The defense of a driving under the influence charge is a highly technical and an extremely difficult undertaking. There are many advantages that a Seattle DUI attorney can bring to a case.

Most DUI cases begin with an officer requesting that the defendant take a set of voluntary field sobriety tests (FST). The FST’s are given by police officers to determine if an individual has been operating a motor vehicle while impaired by alcohol, drugs, or both. Field sobriety tests frequently consist of the ‘gaze nystagmus test,’ the ‘one-leg stand,’ test, the ‘walk and turn’ test, and may include other tests. If you are stopped by the police for a suspected DUI, you need to know that you are not required to take these or any field sobriety tests. What is more important to know, a Seattle DUI lawyer will be able to explain how these FST’s lack scientific merit and are invalid, and will always recommend that you refuse to take these voluntary tests.

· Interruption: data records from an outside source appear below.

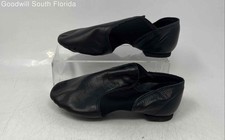 Capezio Womens E-Series EJ2 Black Leather Round Toe Jazz Dance Shoes Size 6.5W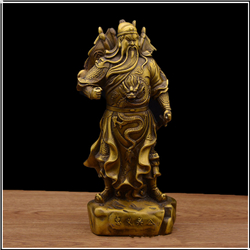 純銅關(guān)公擺件 純銅關(guān)公擺件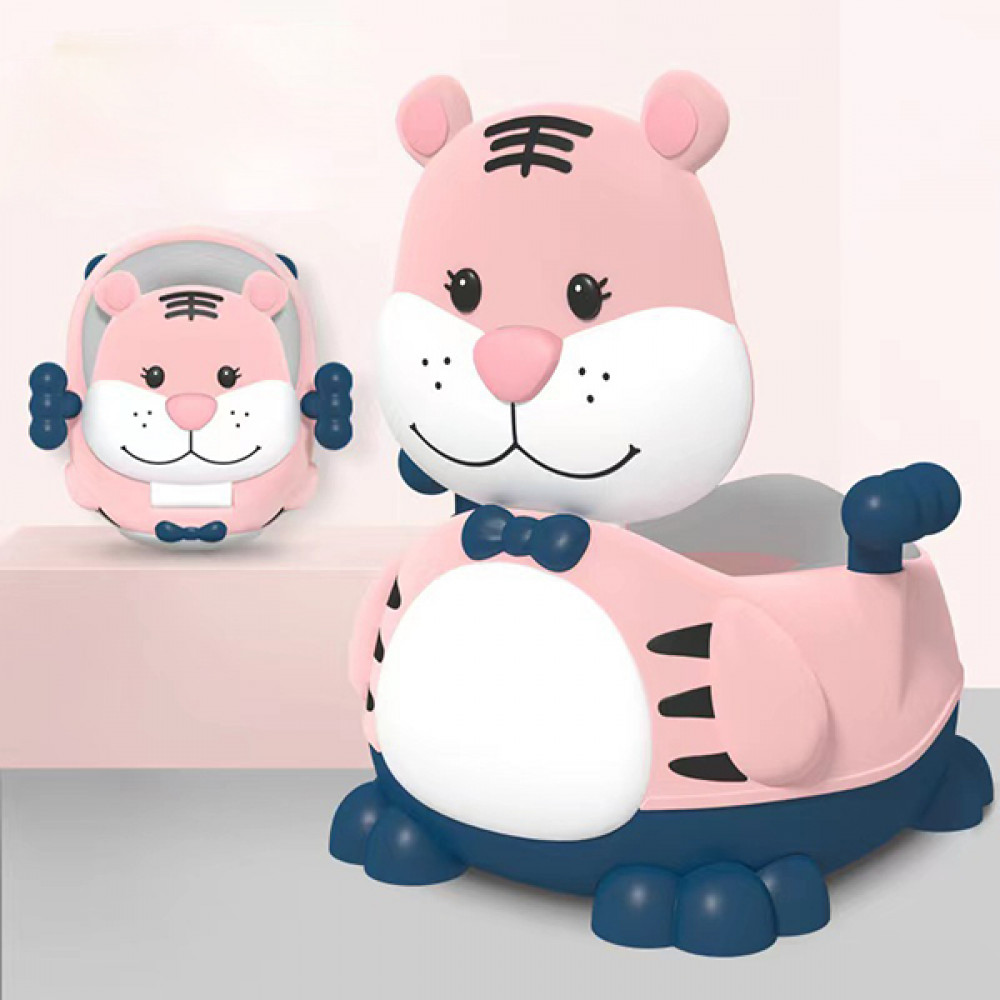 Горшок с мягким сиденьем BABY LEGEND Тигренок Розовый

Unlike a chemical test such as a blood alcohol test, where the refusal to take such a test can have far-reaching and negative consequences, an individual is not legally required to take any field sobriety tests. Reality is that police officers have typically made up their minds to arrest the individual when they administer one of more of the field sobriety tests. In a word, field sobriety tests provide additional evidence that the driver inevitably ‘fails.’ As a result, in most cases the Washington DUI attorney, will advise his clients to politely refuse to take any field sobriety tests.